The latest European Employers’ Institute study titled ‘Understanding the EU-US labour productivity gap: #2—A granular analysis’ updates the picture of the labour productivity gap between the US and the EU, highlighting why the gap exists, how it differs across countries, and the main factors behind it. It is the second in a series of three focusing on the comparative analysis of labour productivity in the EU and the US. The research in this study claims that the core EU economies drive the widening EU–US productivity gap.
The second study on labour productivity, commissioned by the European Employers’ Institute (EEI) and conducted by Rexecode (France), offers a detailed country- and sector-level analysis of the EU–US productivity gap over the 1995–2019 period. The findings indicate that the core EU economies – Germany, France, Italy, Spain, Belgium, and the Netherlands – are the primary contributors to the EU’s slower productivity growth, despite their significant overall contribution to the European economy.
While newer member states in Central and Eastern Europe have achieved faster productivity growth than the United States, these gains have not been sufficient to offset the weaker performance of the larger economies, which account for most of the EU’s total value added. The study, therefore, concludes that internal convergence within the EU has not translated into greater competitiveness at the global level.
The report identifies underinvestment in innovation, digitalisation, and intangible assets as the key source of divergence. In Germany and France, productivity has kept pace with the US in efficiency terms (TFP), but limited investment in ICT and intangible capital has constrained progress. In contrast, Italy and Spain face deeper structural challenges due to slower TFP growth linked to weaker innovation diffusion and organisational efficiency. The gap is most pronounced in information and communication technologies, followed by professional services and manufacturing.
“This new piece of research highlights the importance of understanding Europe’s productivity dynamics in all their complexity. By combining rigorous analysis with a granular perspective, we believe at EEI that it offers valuable insights to guide policymakers and business leaders in shaping a more competitive and resilient European economy,” commented Delphine Rudelli, Chair of the Board of the EEI and Director General of Ceemet.
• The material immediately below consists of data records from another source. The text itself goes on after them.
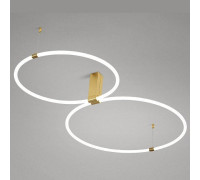 Накладной светильник Imperiumloft Ringmor01 207983-23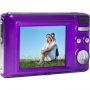 Фотоаппарат AgfaPhoto Realishot DC5200 Violet, аккумулятор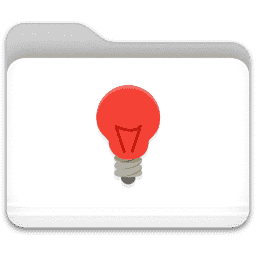 Folder – Gammastep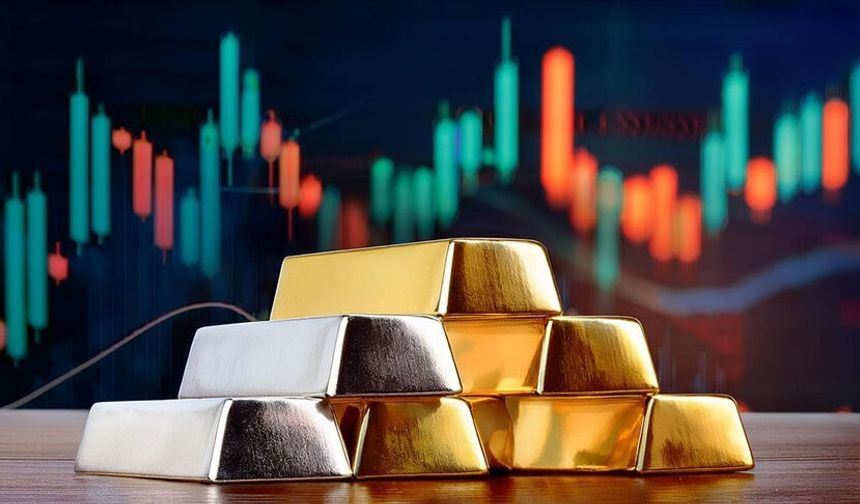 Faiz İndirimi Gelirse Altın Uçar Mı? Yukarı Hareket Hazırlığı
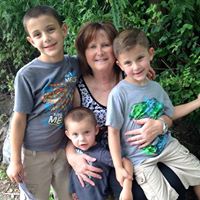 Debra Warner Photo 15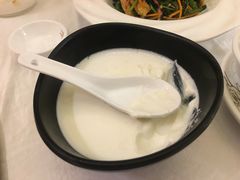 酸奶-阿布都新疆音乐美食城(长湖路店)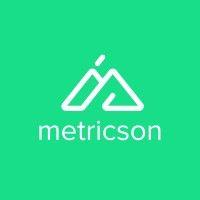 metricson logo image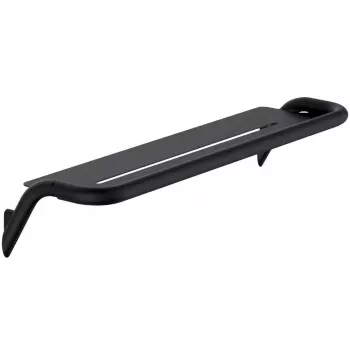 DEANTE Półka ścienna Sonoma Oak 38mm 8kg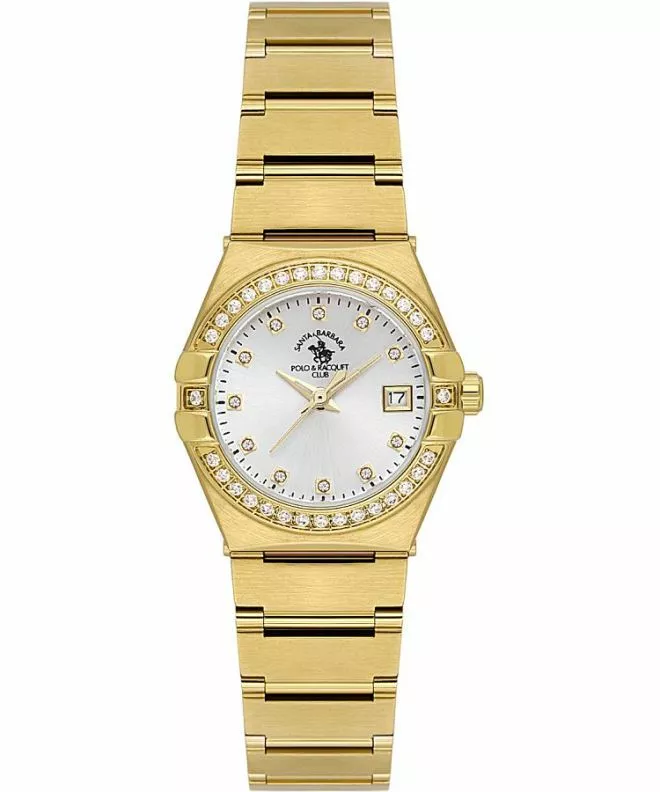 Reloj para mujeres Santa Barbara Unique SB.1.10656-2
The study also looks at how the EU–US productivity gap has evolved over the past decades: before 2007, there was a 1%-point growth gap mainly in manufacturing and services; between 2007 and 2019, both slowed, but the US pulled ahead in ICT; since 2019, the gap has widened further, especially in ICT and business services.
The study, along with more information on the EEI work, is available on the European Employers’ Institute website.
The European Employers Institute (EEI) is a research institute, founded by European and national employer organisations in March 2024. The EEI focuses on emerging employment and social policy topics at the European level, producing research studies, analyses and publications. It aims to ensure balanced representation on employment issues and strengthen social dialogue at the European level.